También estaba la casa de doña Purificación Bascarán y Reina; la viuda de don Sixto del Castillo que encantada con el trabajo y la honradez de la pareja, les ofreció en venta una de las edificaciones que poseía en la Herrería como domicilio para la gente que atendía su servicio y de las cuales comenzó a desprenderse en los años sesenta.
Pan caliente
Y así se completó este circulo extraño pero real. A pocos metros, Lila y Tito tenían tienda, domicilio, buena vecindad, cura, dulcería y un trasiego perfecto para el buen funcionamiento de su comercio; al que atendían con verdadero primor. Iban tres veces a la semana al mercado a Las Palmas y sin miedo a las madrugadas, la tienda de Lila con puertas abiertas antes del amanecer, olía a fresas fresquitas, a pan caliente recién traído, a chorizo, a queso y a jamón, a limpito, y a mil productos a los que Lila ponía los precios con un rotulador y que controlaba como el mejor de los contables.
Sus relaciones vecinales eran excelentes y se beneficiaban de tener a su alcance una tienda de exquisiteces que se nutría también de nísperos, papas, aguacates, limones o ciruelas de sus propias tierras. Además, prestaba sus locales para preparar los materiales de las alfombras que el Corpus atravesaban la calle en dirección al Císter; servían los vales de comida que los párrocos a través de Cáritas entregaban a las familias necesitadas; servían los convites oficiales de la cercana casa parroquial; hacían cientos de bocadillos de chorizo para las Fiestas del Pino con clientes incondicionales como Mary Sánchez y Los Bandama que cada año los encargaban con tiempo para tenerlos en la romería.
La tienda se cerró hace mucho, Tito falleció, pero Lila acompañada de su hija Carolina siguió cada vez con más achaques pero igual finura y aspecto de mujer de bien en el trato, viniendo desde la capital a saludar y hablar con quienes fuimos sus clientes y sus amigos durante años.
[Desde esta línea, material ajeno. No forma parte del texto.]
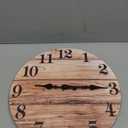 XNM Round Wood Wall Clock for Kitchen 12 Inch Farmhouse Small Wall Clocks Battery Operated Brown Wall Clock Silent (MDF No Solid Wood)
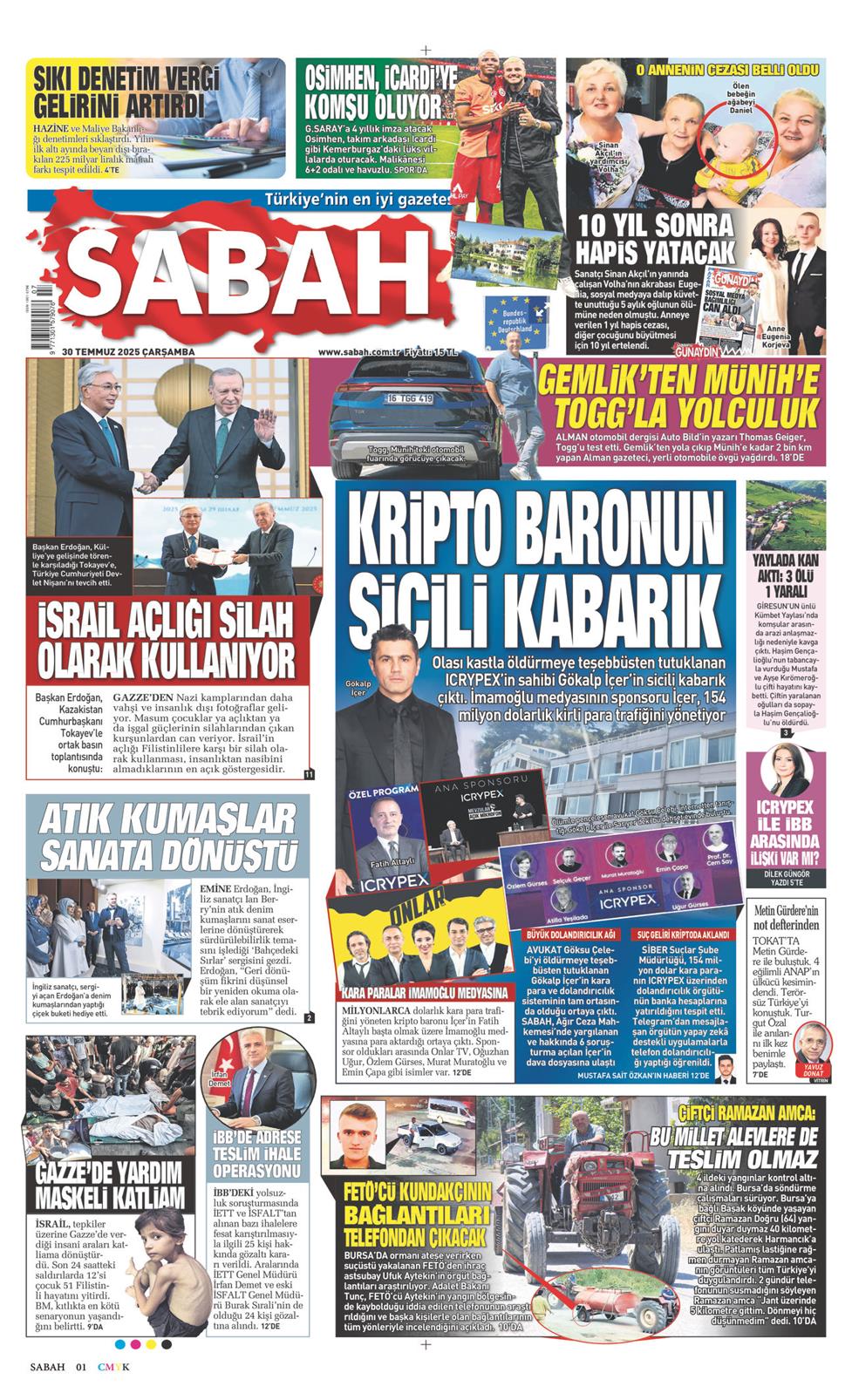 30 Temmuz 2025 Çarşamba - Sabah gazetesi manşet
Hasta esta semana.
Lila era antes que otra cosa buena persona, servicial, afable y cercana. Ella y su marido conformaron una perfecta pareja de tenderos de campo de los que desgraciadamente ya van quedando menos en nuestras tierras.
En su recuerdo, un fuerte abrazo desde el corazón a su hija Carolina. Y al cielo, el deseo de poder volver a hablar en el mostrador como solíamos hacer con Tito y con Lila, la tendera de Teror.